Boris, who has no such cultural issues, tells me he’ll leave the school in early July to return to Moscow, first travelling thirty hours by train to Beijing in order to see more of the country. He adds that Chinese railway carriages are Russian-made, and are identical to the ones at home, except that in Russia they use one of the three bunk levels for baggage. Here it is people on all levels.
When he stalks off, I climb the hill to the music room and spend an hour working on a tightly-sewn Bach fugue. Playing the piano isn’t easy when you have to engineer substitutions for the five bass keys that have lost their voices and the B flat that sticks.

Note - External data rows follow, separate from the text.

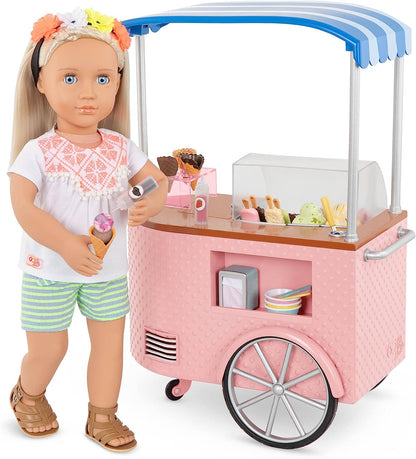 Our Generation - Two Scoops Ice Cream Trolley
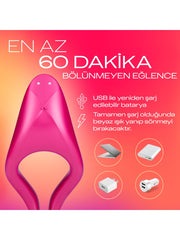 Durex Kolay Temizlenebilir Su Geçirmez Vibratör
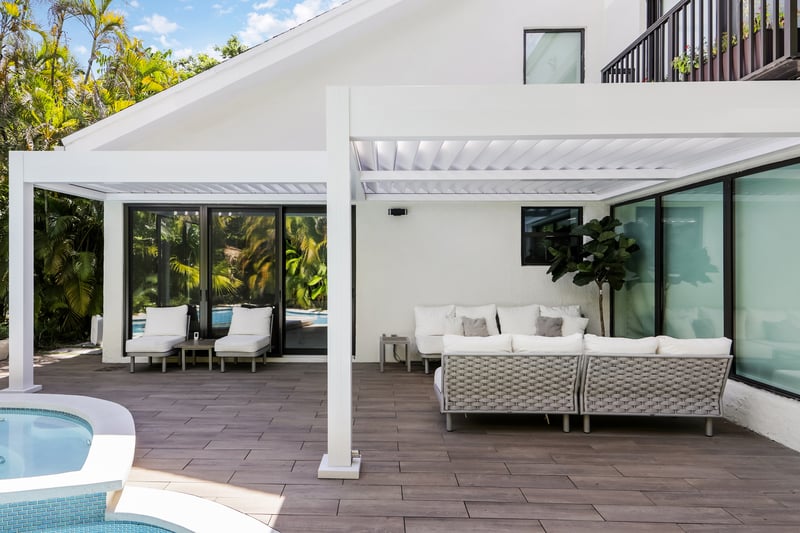 Custom Pergola & Patio Cover in Coconut Grove  preview 5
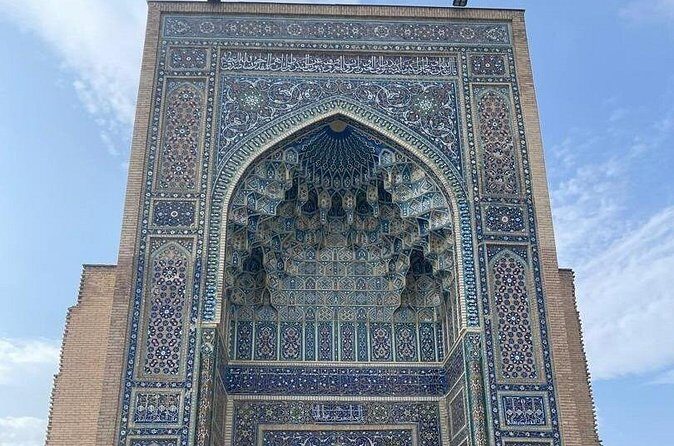 Ancient and Modern Tour in Samarkand with Transport - Shah-i-Zinda: legends, mausoleums, and the joy of a guided walk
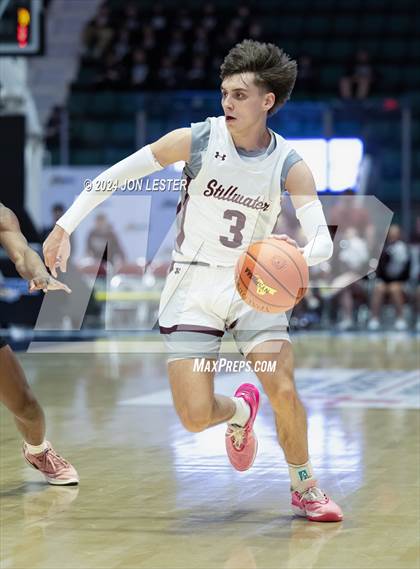 Thumbnail 2 in Woodlands vs. Stillwater (NYSPHSAA Class B Semifinal) photogallery.
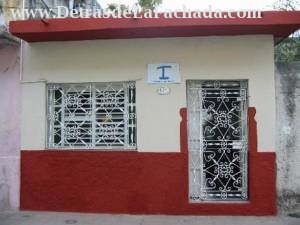 Facade of the House.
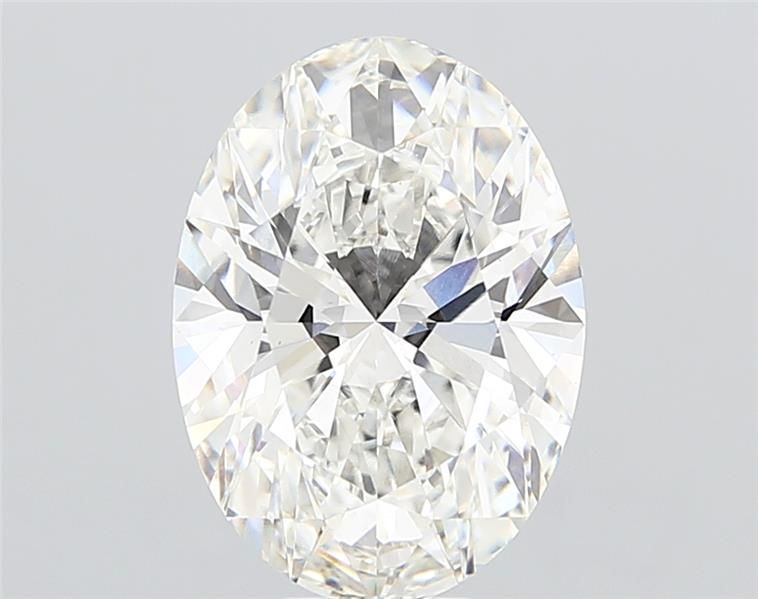 11.03 Carat OVAL Shape G Colour VS1 Clarity  Cut - White Lab Diamond - 37547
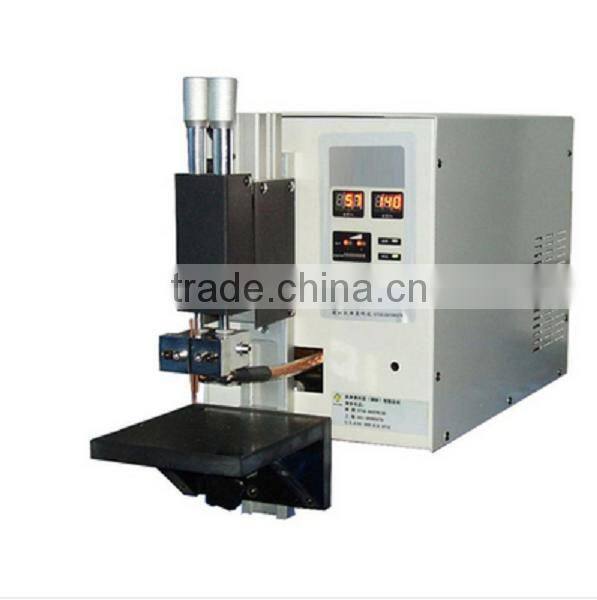 lithium ion battery making of Double pulse spot welding machine Microcomputer dual pulse spot welder welding machine
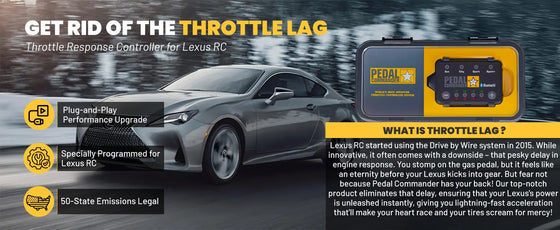 PC55 / Lexus / RC / XC10 (2015-2025) / (2,0 l – 2,5 l – 3,5 l – 5,0 l)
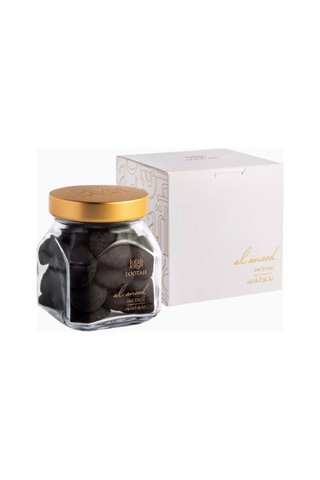 Al Anood Büyük Tütsü 220g, Lüks Bergamot, Oud Ve Çiçeksi Aromalı Bakhoor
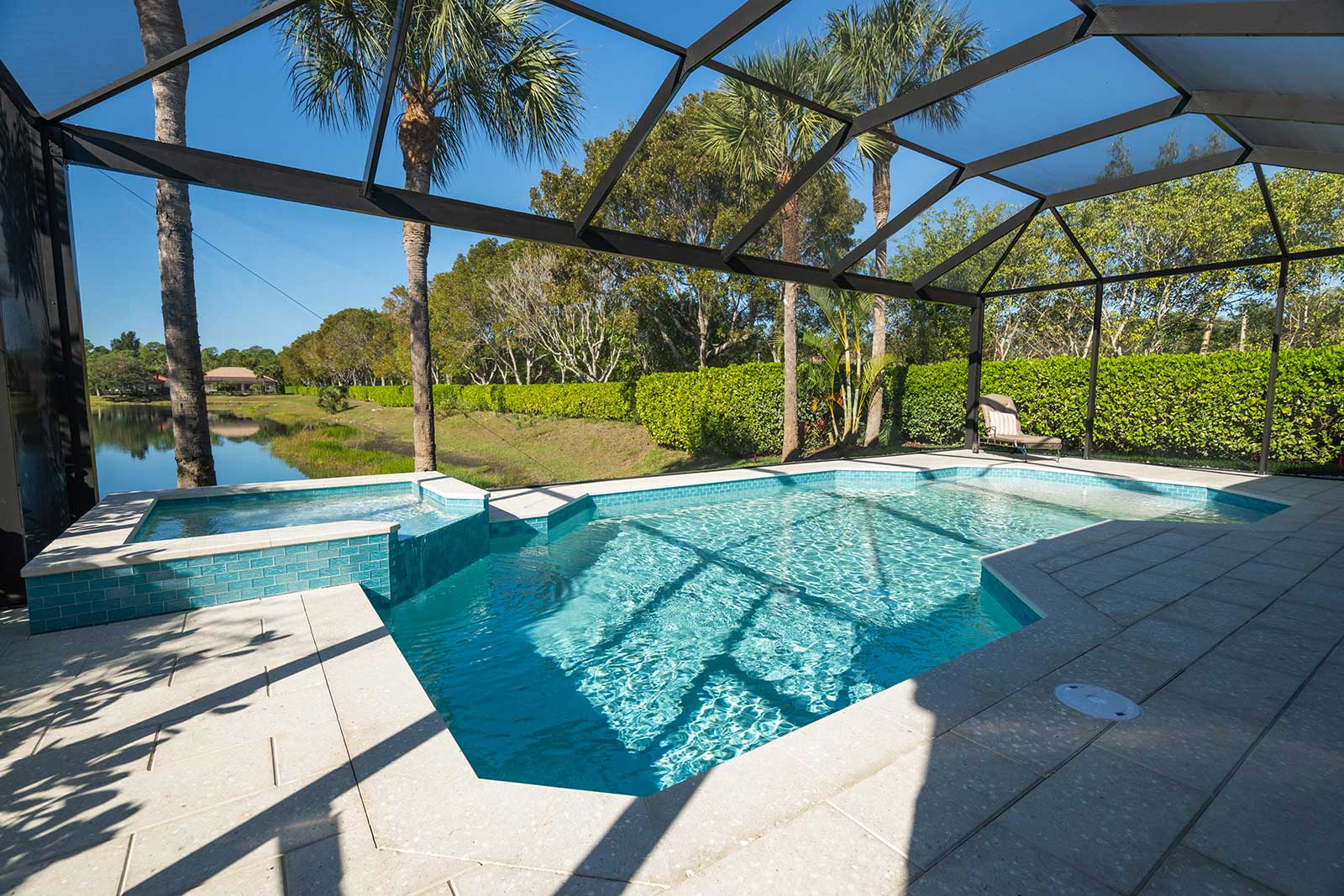 Delasol Residence Pool Renovation Project - Suncoast Custom Pools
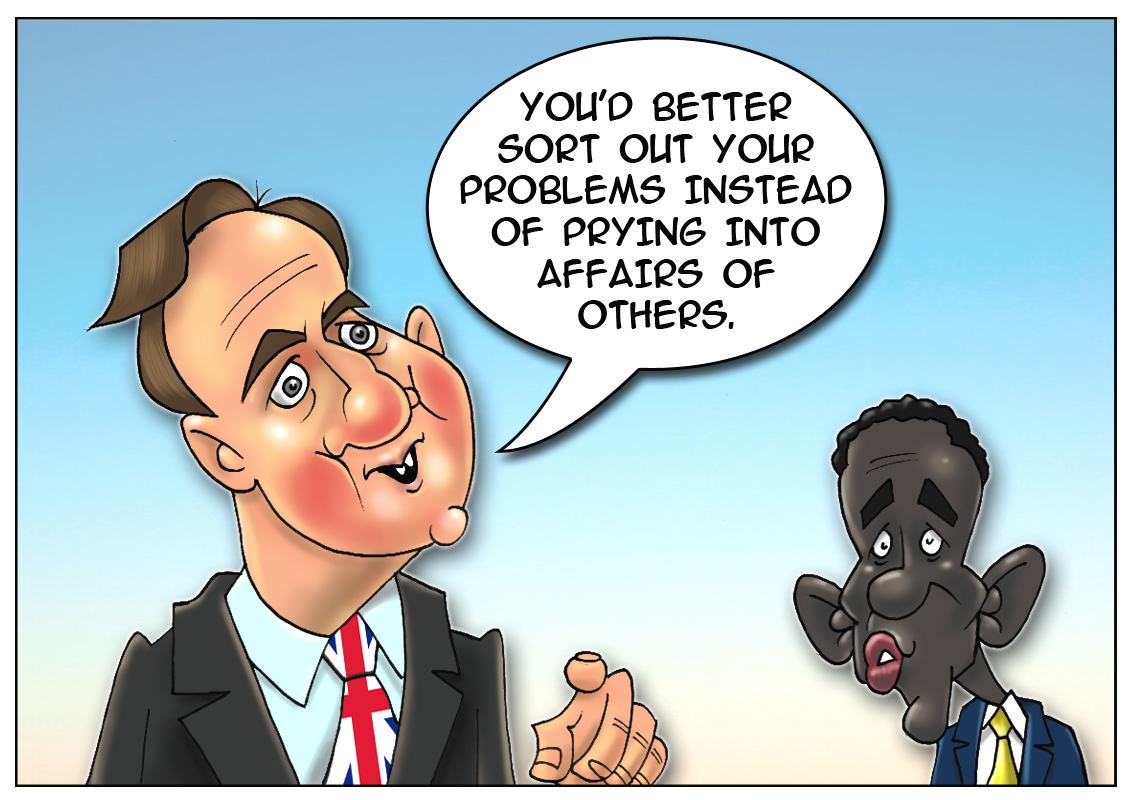 U.S. political games worrying other states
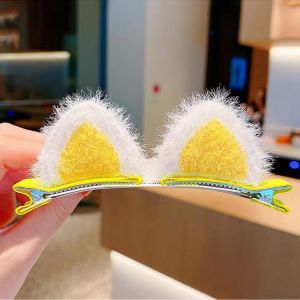 WDS Jepit Rambut Anak Set Lucu Motif Telinga Kucing Jepit Rambut Model Korea Import A3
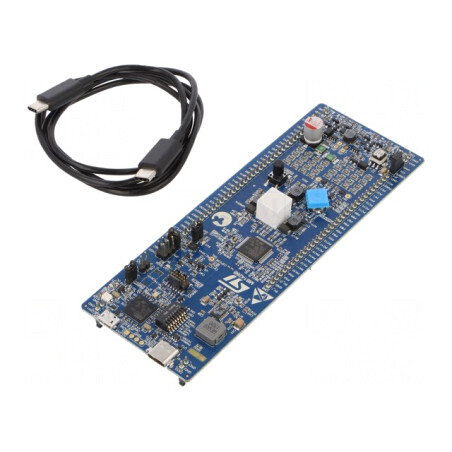 Kit Dezvoltare STM32G474 cu Şiruri Pini şi USB B Mini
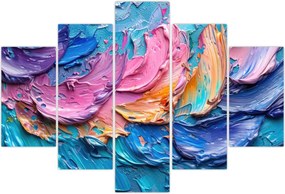 Tablou - Pictură în ulei (150x105 cm)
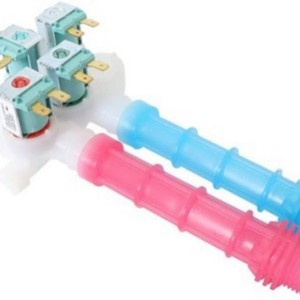 Válvula de Entrada de Agua Endurance Pro 134637810 110 V, Pieza de Repuesto Duradera de Plástico para Lavadora Frigidaire - Product Image 3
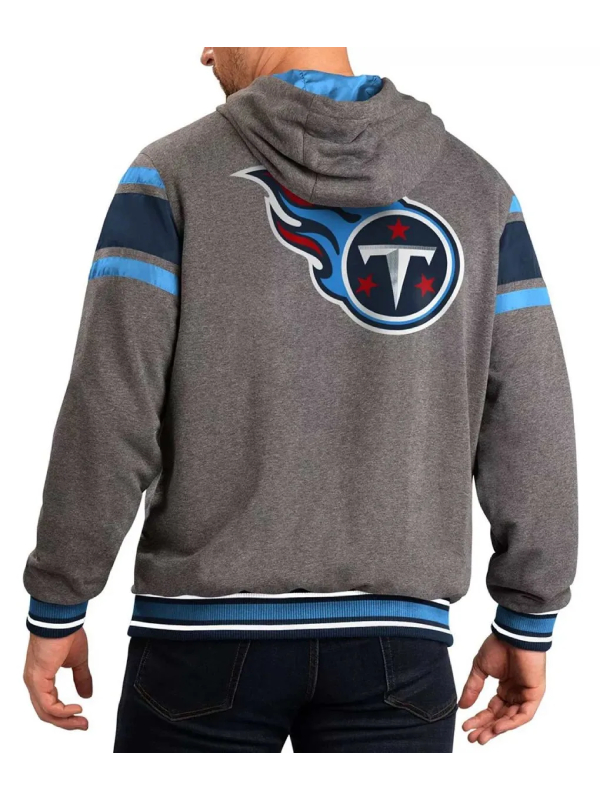 Gray Tennessee Titans Extreme Hoodie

I’m surprised they haven’t fixed this, but I need to remember that nothing is easy here.
CHAPTER
ELEVEN
STANDING ALONGSIDE
It’s summer and the heat’s beginning to snarl, beating back against my body from the road and crowded pavements. Many men on the streets undo the top three or four buttons of their shirts and let them slide off their shoulders down their backs, while those who want a cool middle roll the tails of their shirts up under their armpits. Up till now, with memories of the heavy summer green of old English trees in Christchurch’s public spaces, I’ve not realised the importance of the poor dust-laden trees that line Chongqing’s streets. Only now I see what a critical baffle they will be later in the summer against temperatures that will soar into the forties and stay there for weeks. Those who can will retire to darkened rooms, but there will be millions here who still need to walk the blazing streets. At the roadsides, strawberry sellers are offering their fragrant gatherings in baskets covered with leaves, just a few glistening berries exposed to tempt passersby.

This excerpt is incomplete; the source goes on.